Our Eternal Summer belongs to a particular subgenre of French cinema: movies depicting teenagers who are trying to figure out how they will invent their lives, while spending time with their friends in the summertime, at the beach, in nightclubs, in bedrooms. Even though Abdellatif Kechiche has left a distinctive mark on the genre through the last decade with Blue is the Warmest Colour and his saga Mektoub, My Love, it is mostly a field for newcomers making their first feature film on the topic of first life experiences. Such is the case with director Emilie Aussel, except for the fact that in Our Eternal Summer death strikes suddenly and unexpectedly, putting a brutal stop to the characters’ plans and dreams for now and later.

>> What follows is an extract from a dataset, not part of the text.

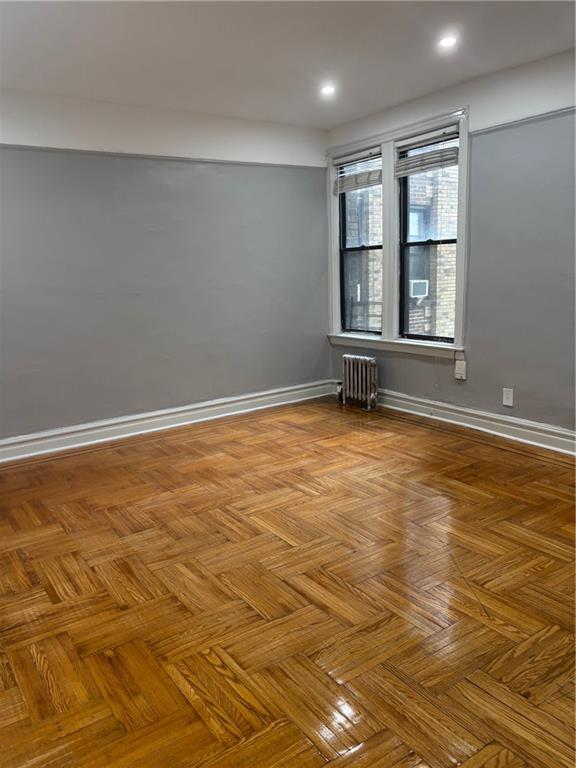 2020 East 41st Street Flatlands Brooklyn NY 11234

Inseparable Lise and Lola (played by newcomers Agathe Talrich and Marcia Feugeas) are spending the summer of their eighteenth birthdays together, along with their group of friends, on a beach in the Mediterranean town of Marseille, when one evening Lola does not resurface after one last swim. On that ill-fated day spent on a beach wearing a name heavy with symbolism (the “Beach of the Prophet”), Lise and the rest of their group go from feeling immortal to knowing they are sheer mortals in a flash – just like in M. Night Shyamalan’s latest film Old, it is a beach that makes you age extremely fast, though not through the means of science fiction but by a bitter and far too real twist of fate.

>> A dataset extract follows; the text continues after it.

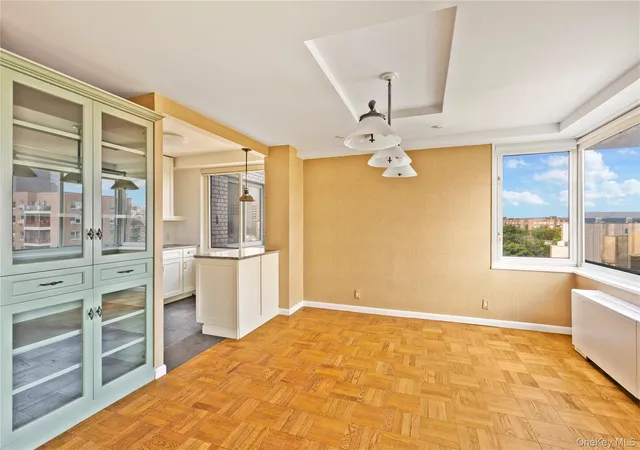 Photo 1 of House for sale at 3333 Henry Hudson Pkwy #12S, New York, NY 10463 | MLS# 1043249 | Listing updated on 2026-10-28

From that day forward all their previous troubles and uncertainties seem so trivial compared to the terrifying knowledge that your life could possibly end, having done only one percent of what you aspired to. The original French title, much tougher, puts forth this tipping point between one condition and the other: ‘L’été l’éternité‘, ‘Summer Eternity’. All of a sudden these teens who thought they owned the summer have to face a cold eternity and must find the answers to learn how to live through it by themselves – there were no adults to start with in the film, and they do not appear as if by magic when so dearly needed. From this point on the film lingers a lot, stuck in a state of apathy that feels only partly voluntary (it is indeed the point of the story), and also somehow drifting away from the director’s control.
Still, another strong idea emerges in Our Eternal Summer: that Lise and her fellow adults-in-the-making form a secret society of grieving teens, each of them thinking he or she is alone before encountering others who share their condition (and thus telling the camera – and the audience – about their hidden pain, like in a confessional, as they think no one else can listen). This is true of two people Lise bumps into by chance, who by taking her in gift her with two things: a home, and a glimpse of how to fight back against the overwhelming anxiety they endure constantly. They practice theater, which the film combines in its climax with another art (music, performed like the rest of the soundtrack by the electronic duo Postcoïtum), to create an intensely lively scene, like an exorcism repelling sorrow and opening a door towards the possibility of going on with your life.